_Your assignment:_ Having found the line containing "Ekouaer Premamá Pijama" in the records below, copy that line and each later one exactly, dropping pictures.

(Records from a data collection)
=== Begin Enclosure ===

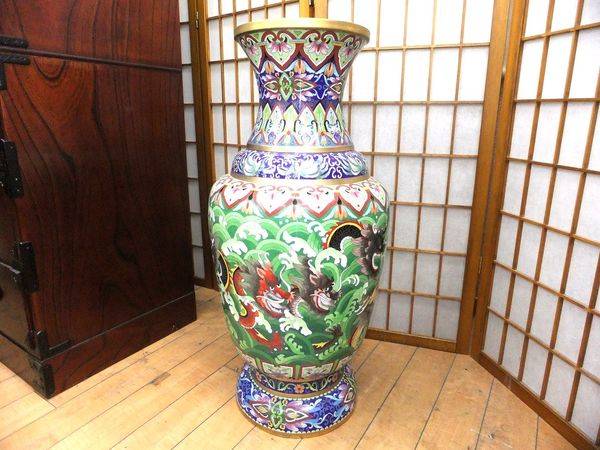 景泰藍 中国七宝の大型花瓶 壷を買取入荷しました【相模原店】｜2015年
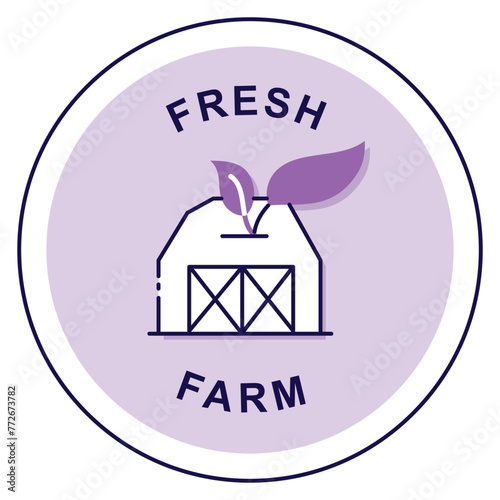 Farm-Fresh Delicacies: Fresh Farm. Vector Badge Icon.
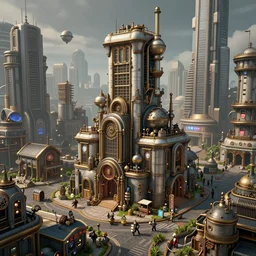 hyper realistic 3 d render, machinarium city, steampunk style, super high detail, super high quality, weta digital, trending on artstation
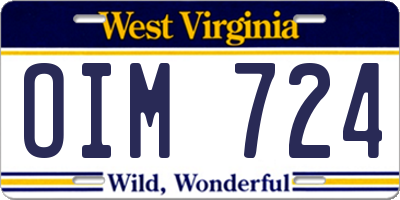 WV license plate OIM724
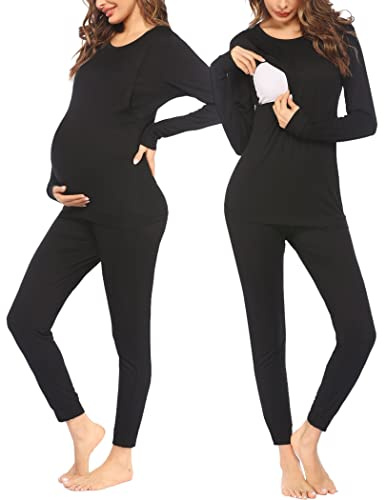Ekouaer Premamá Pijama Conjunto Ropa de Dormir Invierno Pijama para Embarazadas y Lactancia Cálidos Cuadros de Rayas, Negro, L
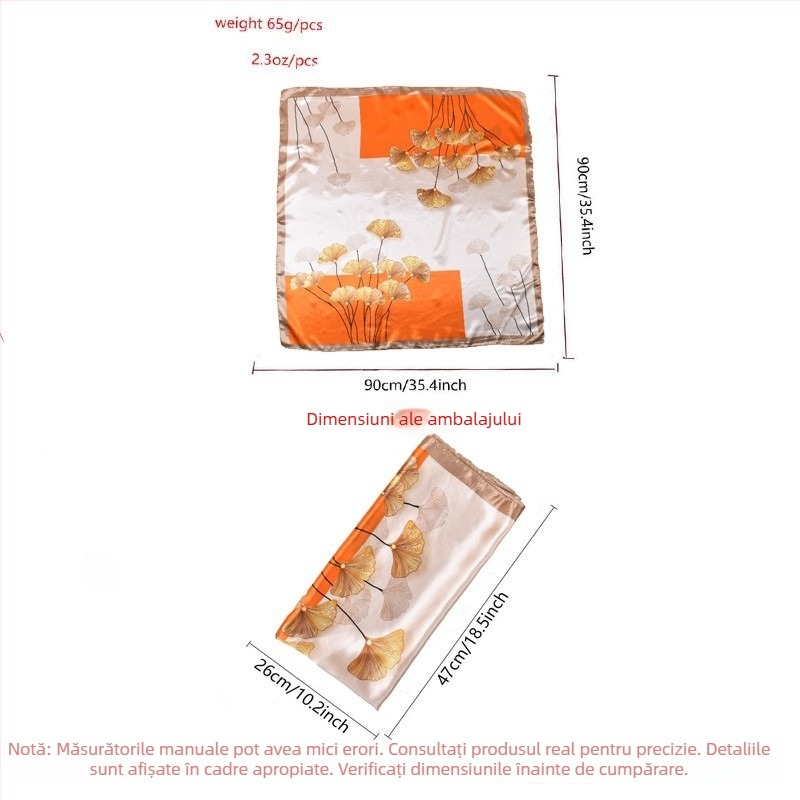 Șal pătrat de satin cu imprimeu de frunză de ginkgo, vară, pentru femei, imprimare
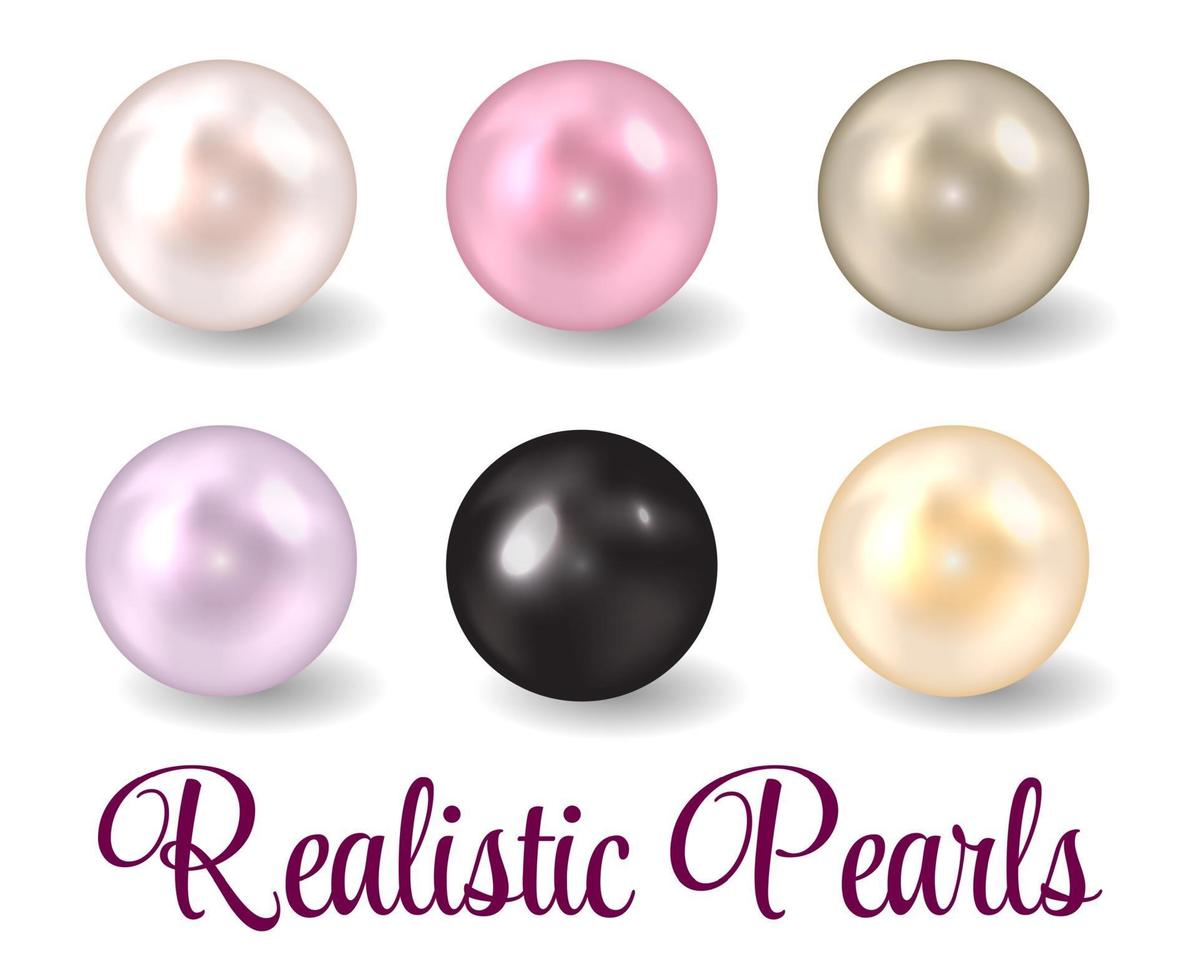 Realistic Pearl Set Vector Illustration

=== End Enclosure ===

_Exercise result:_
Ekouaer Premamá Pijama Conjunto Ropa de Dormir Invierno Pijama para Embarazadas y Lactancia Cálidos Cuadros de Rayas, Negro, L
 Șal pătrat de satin cu imprimeu de frunză de ginkgo, vară, pentru femei, imprimare
 Realistic Pearl Set Vector Illustration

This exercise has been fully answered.